Data for review
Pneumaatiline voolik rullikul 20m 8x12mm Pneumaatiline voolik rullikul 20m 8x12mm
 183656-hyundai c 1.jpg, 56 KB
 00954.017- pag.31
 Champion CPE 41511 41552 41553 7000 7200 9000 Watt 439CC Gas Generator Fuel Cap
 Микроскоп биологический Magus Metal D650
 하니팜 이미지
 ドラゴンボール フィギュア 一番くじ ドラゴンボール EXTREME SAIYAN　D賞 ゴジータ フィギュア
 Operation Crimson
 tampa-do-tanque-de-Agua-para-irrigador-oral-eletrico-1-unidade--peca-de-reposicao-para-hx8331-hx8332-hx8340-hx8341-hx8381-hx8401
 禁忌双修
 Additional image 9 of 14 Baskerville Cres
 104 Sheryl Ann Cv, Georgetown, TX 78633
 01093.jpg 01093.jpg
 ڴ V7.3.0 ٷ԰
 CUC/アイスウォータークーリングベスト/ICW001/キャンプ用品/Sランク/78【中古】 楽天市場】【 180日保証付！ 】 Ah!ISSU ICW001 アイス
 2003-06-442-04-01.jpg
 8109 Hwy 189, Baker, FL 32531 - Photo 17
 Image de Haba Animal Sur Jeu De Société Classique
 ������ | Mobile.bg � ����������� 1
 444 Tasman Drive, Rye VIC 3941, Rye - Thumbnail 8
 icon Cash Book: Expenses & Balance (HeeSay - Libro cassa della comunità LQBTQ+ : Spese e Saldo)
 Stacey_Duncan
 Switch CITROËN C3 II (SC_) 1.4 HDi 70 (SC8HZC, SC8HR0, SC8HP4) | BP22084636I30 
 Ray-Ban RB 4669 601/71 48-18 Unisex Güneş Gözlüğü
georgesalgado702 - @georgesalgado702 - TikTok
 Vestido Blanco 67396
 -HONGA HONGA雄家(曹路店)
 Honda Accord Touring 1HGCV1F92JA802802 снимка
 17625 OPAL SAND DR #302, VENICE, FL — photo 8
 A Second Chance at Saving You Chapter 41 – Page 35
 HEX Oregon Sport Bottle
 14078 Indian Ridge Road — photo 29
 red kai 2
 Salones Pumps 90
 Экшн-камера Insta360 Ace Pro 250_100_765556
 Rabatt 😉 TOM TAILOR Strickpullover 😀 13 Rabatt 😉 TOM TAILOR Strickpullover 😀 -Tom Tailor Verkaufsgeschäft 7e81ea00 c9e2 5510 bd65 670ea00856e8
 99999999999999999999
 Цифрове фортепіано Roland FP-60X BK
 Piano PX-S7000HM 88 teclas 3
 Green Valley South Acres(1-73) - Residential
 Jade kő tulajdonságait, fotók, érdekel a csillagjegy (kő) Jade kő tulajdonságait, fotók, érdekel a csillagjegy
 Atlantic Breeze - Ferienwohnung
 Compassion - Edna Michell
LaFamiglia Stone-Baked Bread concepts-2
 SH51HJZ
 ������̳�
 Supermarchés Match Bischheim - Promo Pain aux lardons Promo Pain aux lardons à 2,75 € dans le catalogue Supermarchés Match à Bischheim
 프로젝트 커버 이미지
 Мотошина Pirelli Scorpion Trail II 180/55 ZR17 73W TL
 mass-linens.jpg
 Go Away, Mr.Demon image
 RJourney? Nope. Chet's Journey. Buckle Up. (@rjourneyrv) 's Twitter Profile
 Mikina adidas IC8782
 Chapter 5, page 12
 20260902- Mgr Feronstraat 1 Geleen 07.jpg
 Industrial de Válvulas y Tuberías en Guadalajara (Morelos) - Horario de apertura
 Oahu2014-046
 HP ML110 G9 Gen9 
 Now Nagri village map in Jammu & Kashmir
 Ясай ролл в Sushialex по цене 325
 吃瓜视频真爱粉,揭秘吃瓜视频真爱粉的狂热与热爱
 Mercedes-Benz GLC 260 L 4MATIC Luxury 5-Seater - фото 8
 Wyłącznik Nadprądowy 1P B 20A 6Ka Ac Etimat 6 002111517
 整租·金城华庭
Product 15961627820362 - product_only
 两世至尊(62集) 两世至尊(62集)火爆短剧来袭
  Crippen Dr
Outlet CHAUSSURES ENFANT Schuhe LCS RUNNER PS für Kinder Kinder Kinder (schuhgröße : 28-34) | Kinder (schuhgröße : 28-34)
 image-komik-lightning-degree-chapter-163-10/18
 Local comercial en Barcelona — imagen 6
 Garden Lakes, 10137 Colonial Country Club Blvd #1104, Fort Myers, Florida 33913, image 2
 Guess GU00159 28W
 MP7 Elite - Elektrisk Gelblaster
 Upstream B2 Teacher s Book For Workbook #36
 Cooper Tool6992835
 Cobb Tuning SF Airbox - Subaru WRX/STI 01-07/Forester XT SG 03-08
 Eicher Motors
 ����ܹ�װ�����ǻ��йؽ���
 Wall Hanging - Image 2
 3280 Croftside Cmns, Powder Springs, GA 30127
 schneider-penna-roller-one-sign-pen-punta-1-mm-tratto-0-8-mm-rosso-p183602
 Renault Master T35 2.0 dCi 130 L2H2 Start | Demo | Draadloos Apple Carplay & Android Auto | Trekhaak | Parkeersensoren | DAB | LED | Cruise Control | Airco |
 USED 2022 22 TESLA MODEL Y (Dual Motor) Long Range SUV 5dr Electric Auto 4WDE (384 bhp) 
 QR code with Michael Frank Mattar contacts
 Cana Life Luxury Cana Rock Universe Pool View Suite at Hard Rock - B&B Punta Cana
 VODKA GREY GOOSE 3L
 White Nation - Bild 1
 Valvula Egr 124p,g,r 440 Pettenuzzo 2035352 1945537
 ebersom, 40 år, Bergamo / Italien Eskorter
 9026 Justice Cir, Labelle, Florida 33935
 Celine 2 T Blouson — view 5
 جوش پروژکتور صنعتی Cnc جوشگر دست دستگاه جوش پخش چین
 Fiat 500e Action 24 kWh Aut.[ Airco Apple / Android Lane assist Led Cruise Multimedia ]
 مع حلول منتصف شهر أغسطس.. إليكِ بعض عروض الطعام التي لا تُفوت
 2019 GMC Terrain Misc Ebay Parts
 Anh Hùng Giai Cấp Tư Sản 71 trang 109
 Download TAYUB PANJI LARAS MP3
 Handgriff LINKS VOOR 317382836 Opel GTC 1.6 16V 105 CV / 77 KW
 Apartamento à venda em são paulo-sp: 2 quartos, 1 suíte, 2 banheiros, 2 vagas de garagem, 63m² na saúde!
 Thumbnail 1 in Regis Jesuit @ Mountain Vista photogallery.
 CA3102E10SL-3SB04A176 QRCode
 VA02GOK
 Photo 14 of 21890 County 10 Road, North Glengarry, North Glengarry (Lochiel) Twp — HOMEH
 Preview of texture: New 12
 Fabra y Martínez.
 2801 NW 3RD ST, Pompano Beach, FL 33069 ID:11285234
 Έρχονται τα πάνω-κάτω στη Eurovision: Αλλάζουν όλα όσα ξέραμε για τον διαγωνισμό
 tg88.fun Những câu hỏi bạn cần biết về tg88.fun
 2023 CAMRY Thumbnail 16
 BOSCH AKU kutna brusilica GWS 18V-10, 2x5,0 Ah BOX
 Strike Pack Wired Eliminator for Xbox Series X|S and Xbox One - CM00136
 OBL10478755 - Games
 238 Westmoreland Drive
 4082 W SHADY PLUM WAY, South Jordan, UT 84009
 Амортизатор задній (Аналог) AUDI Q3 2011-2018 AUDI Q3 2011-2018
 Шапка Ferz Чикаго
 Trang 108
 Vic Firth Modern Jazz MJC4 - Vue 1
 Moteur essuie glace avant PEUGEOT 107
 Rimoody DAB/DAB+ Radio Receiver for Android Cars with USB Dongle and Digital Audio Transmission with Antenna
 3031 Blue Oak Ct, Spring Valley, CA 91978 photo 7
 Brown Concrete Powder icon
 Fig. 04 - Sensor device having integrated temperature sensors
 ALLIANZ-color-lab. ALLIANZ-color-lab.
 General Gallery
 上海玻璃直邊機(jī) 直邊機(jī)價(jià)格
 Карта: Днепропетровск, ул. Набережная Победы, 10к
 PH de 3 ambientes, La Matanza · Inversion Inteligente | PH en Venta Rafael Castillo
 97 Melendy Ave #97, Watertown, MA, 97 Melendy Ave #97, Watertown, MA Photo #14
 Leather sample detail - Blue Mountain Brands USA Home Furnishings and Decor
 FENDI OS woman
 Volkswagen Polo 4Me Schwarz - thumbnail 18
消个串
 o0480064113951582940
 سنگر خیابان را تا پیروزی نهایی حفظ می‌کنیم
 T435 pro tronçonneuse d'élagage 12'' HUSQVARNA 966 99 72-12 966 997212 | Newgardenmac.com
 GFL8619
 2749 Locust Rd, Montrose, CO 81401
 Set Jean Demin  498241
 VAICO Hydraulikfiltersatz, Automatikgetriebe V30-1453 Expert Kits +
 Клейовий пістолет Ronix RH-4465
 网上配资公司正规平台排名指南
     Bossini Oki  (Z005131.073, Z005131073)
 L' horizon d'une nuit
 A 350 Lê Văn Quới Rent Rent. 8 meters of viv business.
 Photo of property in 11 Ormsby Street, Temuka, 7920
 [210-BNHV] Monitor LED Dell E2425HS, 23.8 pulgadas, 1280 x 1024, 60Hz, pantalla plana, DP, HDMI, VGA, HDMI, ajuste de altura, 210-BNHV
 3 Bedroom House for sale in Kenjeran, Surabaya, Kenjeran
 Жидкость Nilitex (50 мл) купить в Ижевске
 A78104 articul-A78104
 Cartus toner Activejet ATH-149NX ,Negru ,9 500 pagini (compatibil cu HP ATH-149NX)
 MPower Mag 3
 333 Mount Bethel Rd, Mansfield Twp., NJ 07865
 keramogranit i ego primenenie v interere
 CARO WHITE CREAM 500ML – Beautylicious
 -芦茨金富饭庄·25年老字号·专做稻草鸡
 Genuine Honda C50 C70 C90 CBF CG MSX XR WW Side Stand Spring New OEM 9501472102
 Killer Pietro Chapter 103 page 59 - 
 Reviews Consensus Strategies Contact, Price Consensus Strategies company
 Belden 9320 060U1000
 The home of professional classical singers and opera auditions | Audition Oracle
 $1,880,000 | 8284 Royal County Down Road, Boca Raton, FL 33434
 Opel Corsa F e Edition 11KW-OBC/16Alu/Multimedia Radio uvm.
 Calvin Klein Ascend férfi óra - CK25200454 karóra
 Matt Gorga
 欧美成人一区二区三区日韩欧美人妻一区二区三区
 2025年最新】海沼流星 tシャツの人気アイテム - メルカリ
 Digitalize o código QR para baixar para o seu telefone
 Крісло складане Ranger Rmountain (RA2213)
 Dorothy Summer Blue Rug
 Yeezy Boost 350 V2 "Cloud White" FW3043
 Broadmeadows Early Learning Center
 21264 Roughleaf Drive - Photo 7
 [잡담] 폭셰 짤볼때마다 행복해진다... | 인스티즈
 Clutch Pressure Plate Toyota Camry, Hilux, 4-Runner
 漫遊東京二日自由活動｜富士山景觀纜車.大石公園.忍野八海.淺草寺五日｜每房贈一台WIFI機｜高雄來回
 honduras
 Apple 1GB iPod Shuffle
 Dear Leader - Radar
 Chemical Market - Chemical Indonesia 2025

Instructions to follow
How many lines in the records above hold the string "Book"? Only the number is wanted.

Response area
2